Kebakaran hutan dan lahan (Karhutla) kembali melanda sejumlah wilayah di Pulau Jawa. Kawasan Taman Nasional Bromo Tengger Semeru (TNBTS) dan Taman Nasional Baluran menjadi dua lokasi yang terdampak, sementara pemerintah terus meningkatkan upaya pemadaman dan pencegahan.
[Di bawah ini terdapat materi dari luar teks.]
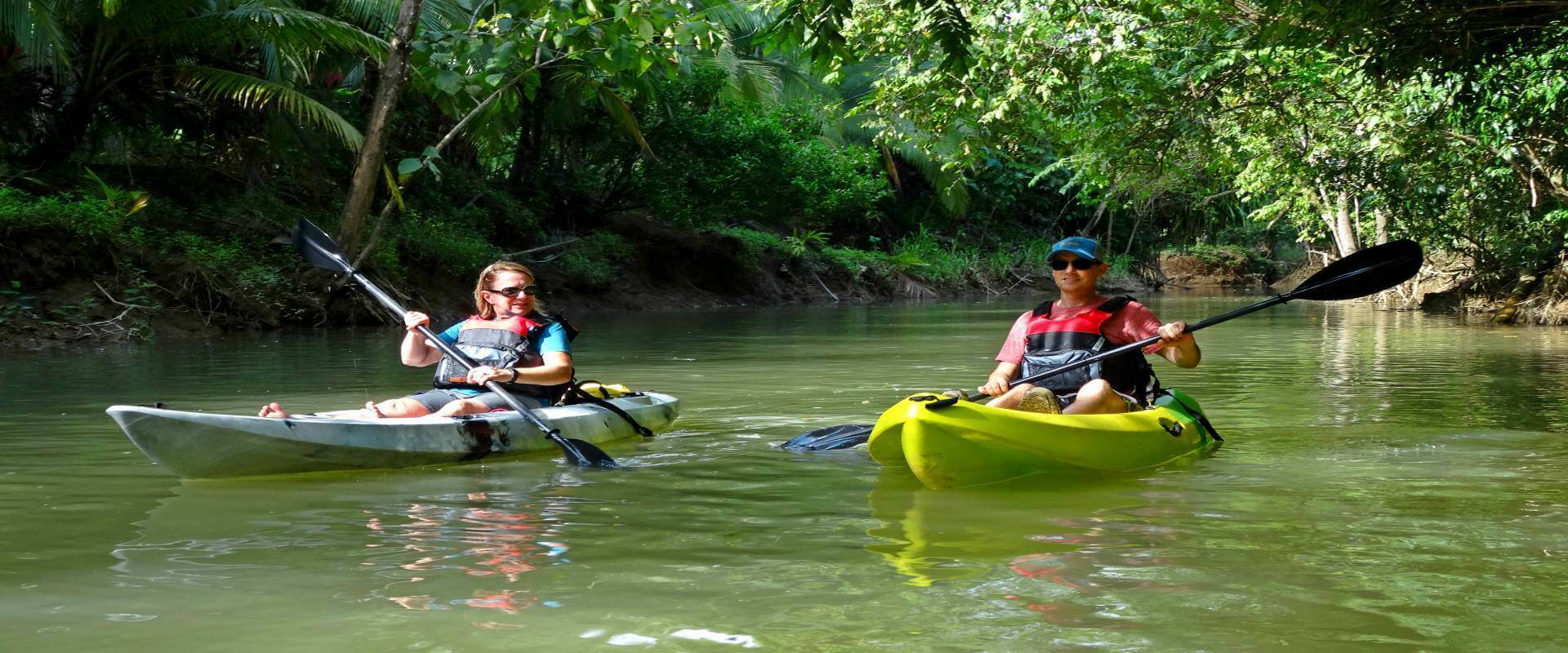 Mangrove Kayak Tour | Costa Rica Jade Tours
Di TNBTS, kebakaran terjadi di Blok Bantengan pada Senin (3/8) sore. Akibat kejadian tersebut, pengelola menutup sementara akses wisata melalui pintu Jemplang, Coban Trisula, dan Senduro. Sementara akses melalui Cemoro Lawang dan Wonokitri dibatasi hingga kawasan Lautan Pasir, sedangkan Padang Sabana ditutup untuk wisatawan.
Di Taman Nasional Baluran, Situbondo, kebakaran turut menghanguskan kawasan sabana dan hutan jati. Dugaan sementara, api dipicu oleh aktivitas masyarakat di dalam kawasan hutan, seperti pencari madu, kayu bakar, jamur, hingga umbi gadung yang menggunakan api saat beraktivitas.
Hingga awal Agustus 2026, luas kawasan yang terbakar di TN Baluran tercatat mencapai sekitar 920 hektare. Kebakaran juga berdampak pada habitat satwa liar, termasuk banteng, rusa timor, kerbau liar, berbagai jenis burung, serta reptil yang kehilangan wilayah jelajahnya.
Selain Bromo dan Baluran, kebakaran hutan juga dilaporkan terjadi di sejumlah daerah lain, seperti Blitar, Probolinggo, Ponorogo, Pacitan, Situbondo, Aceh Utara, Bangka Belitung, Nusa Tenggara Timur, Kalimantan Selatan, hingga beberapa wilayah di Jawa Tengah.
Badan Nasional Penanggulangan Bencana (BNPB) mengimbau pemerintah daerah memperkuat langkah pencegahan selama musim kemarau, termasuk meningkatkan sosialisasi kepada masyarakat serta memastikan kesiapan personel dan peralatan pemadaman.
Sementara itu, BMKG memperkirakan dampak El Nino masih berpotensi meningkatkan risiko kebakaran hutan dan lahan hingga September 2026. Sejumlah provinsi seperti Riau, Kalimantan Barat, Kalimantan Tengah, Sumatera Selatan, dan Jambi menjadi wilayah prioritas pengawasan karena memiliki tingkat kerawanan yang tinggi.